Nagios suddenly refuses to start

Support forum for Nagios Core, Nagios Plugins, NCPA, NRPE, NSCA, NDOUtils and more. Engage with the community of users including those using the open source solutions.
Mortus
Posts: 27
Joined: Tue Nov 15, 2016 10:34 am

Re: Nagios suddenly refuses to start

Post by Mortus »

/etc/rc.d/init.d/nagios start provides the same output that I linked earlier. The systemctl command isn't found.

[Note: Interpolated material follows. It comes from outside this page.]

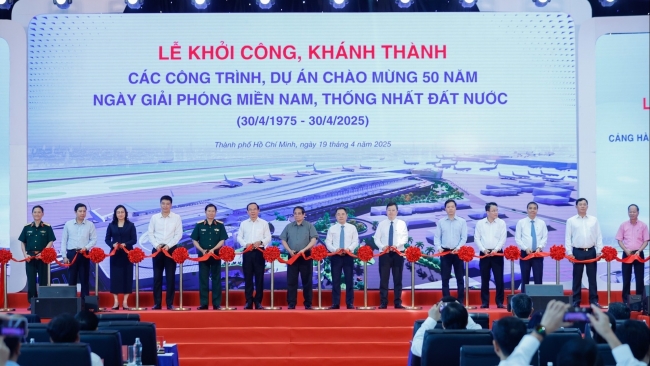 Đồng loạt khởi công, khánh thành 80 công trình trọng điểm trên cả nước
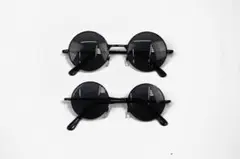 丸型サングラス ★呪術廻戦の五条悟コスプレに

And The scite was set up to allow me to edit the config and save it directly to the server.
dwhitfield
Former Nagios Staff
Posts: 4583
Joined: Wed Sep 21, 2016 10:29 am
Location: NoLo, Minneapolis, MN
Contact:

Re: Nagios suddenly refuses to start

Post by dwhitfield »

Can you post your /etc/rc.d/init.d/nagios? Also, can you post the output of ls -la /etc/rc.d/init.d/nagios?
Mortus
Posts: 27
Joined: Tue Nov 15, 2016 10:34 am

Re: Nagios suddenly refuses to start

Post by Mortus »

[root@devnagios ~]# /etc/rc.d/init.d/nagios
Usage: nagios {start|stop|restart|reload|force-reload|status|checkconfig}
[root@devnagios ~]# ls -la /etc/rc.d/init.d/nagios
-rwxr-xr-x 1 root root 5373 Jun 19 2014 /etc/rc.d/init.d/nagios
[root@devnagios ~]#
dwhitfield
Former Nagios Staff
Posts: 4583
Joined: Wed Sep 21, 2016 10:29 am
Location: NoLo, Minneapolis, MN
Contact:

Re: Nagios suddenly refuses to start

Post by dwhitfield »

I wanted to see the actual script /etc/rc.d/init.d/nagios...although that modification date suggests that won't be useful.

If the output of echo $0 is bash, please run the following and then give the output

Code: Select all

cd /root
cat .bashrc
Probably, we're going to want to look at /etc/bashrc as well, although the output of .bashrc should tell you if that's the file we want.

If echo $0 is not bash, then we'll need to look in different locations for scripts, but bash is the default.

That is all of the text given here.